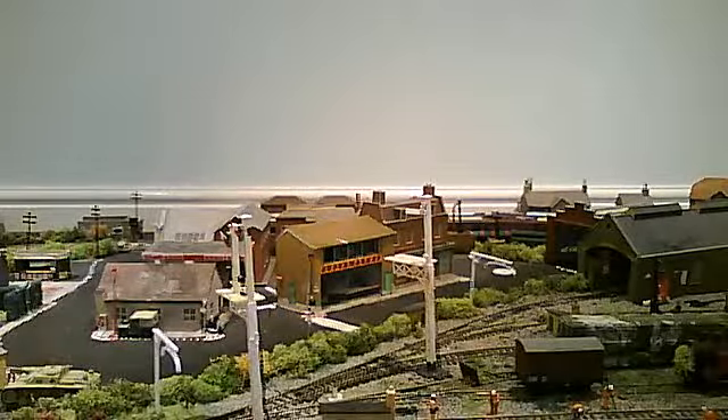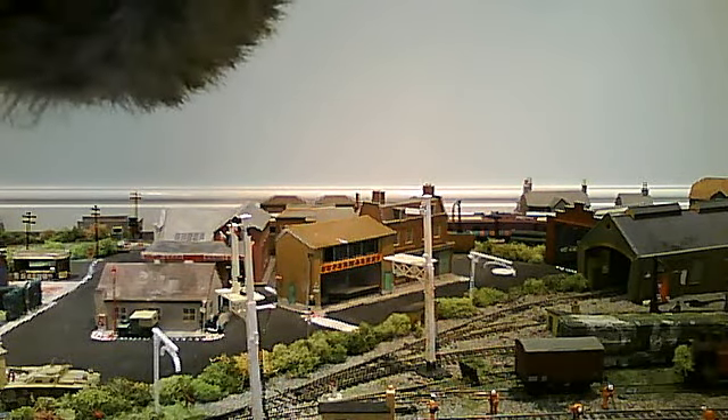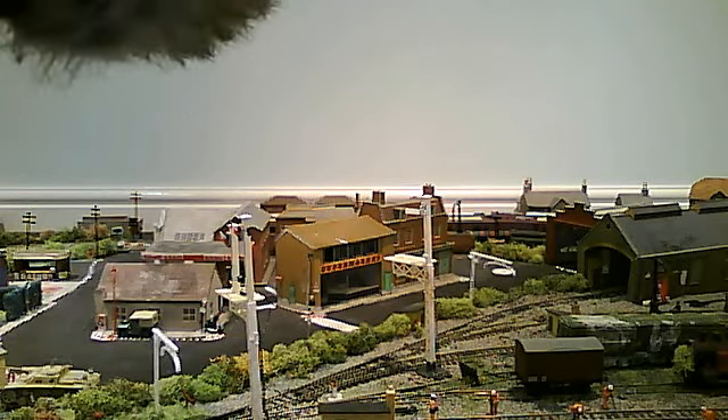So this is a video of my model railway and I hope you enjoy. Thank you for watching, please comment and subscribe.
---
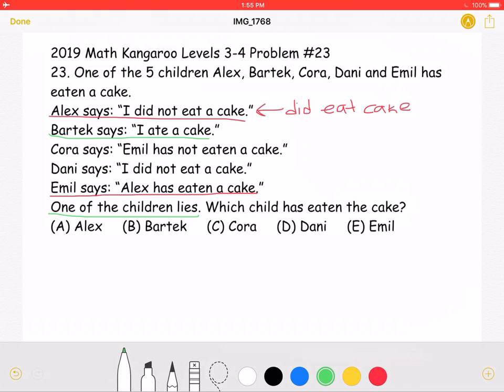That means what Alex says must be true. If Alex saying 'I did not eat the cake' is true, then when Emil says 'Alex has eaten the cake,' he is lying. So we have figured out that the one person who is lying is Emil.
* * *
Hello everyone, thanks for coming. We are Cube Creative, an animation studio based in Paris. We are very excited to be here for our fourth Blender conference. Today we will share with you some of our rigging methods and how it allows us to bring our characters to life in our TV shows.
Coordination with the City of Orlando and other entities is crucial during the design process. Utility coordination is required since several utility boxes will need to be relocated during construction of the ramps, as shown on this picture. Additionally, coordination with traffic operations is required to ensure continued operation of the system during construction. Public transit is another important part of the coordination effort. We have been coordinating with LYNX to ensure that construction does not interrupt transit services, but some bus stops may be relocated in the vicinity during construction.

→ Directions
What the answer needs is every line from the data above with "some" in it.

→ Written response
Hello everyone, thanks for coming. We are Cube Creative, an animation studio based in Paris. We are very excited to be here for our fourth Blender conference. Today we will share with you some of our rigging methods and how it allows us to bring our characters to life in our TV shows.
Coordination with the City of Orlando and other entities is crucial during the design process. Utility coordination is required since several utility boxes will need to be relocated during construction of the ramps, as shown on this picture. Additionally, coordination with traffic operations is required to ensure continued operation of the system during construction. Public transit is another important part of the coordination effort. We have been coordinating with LYNX to ensure that construction does not interrupt transit services, but some bus stops may be relocated in the vicinity during construction.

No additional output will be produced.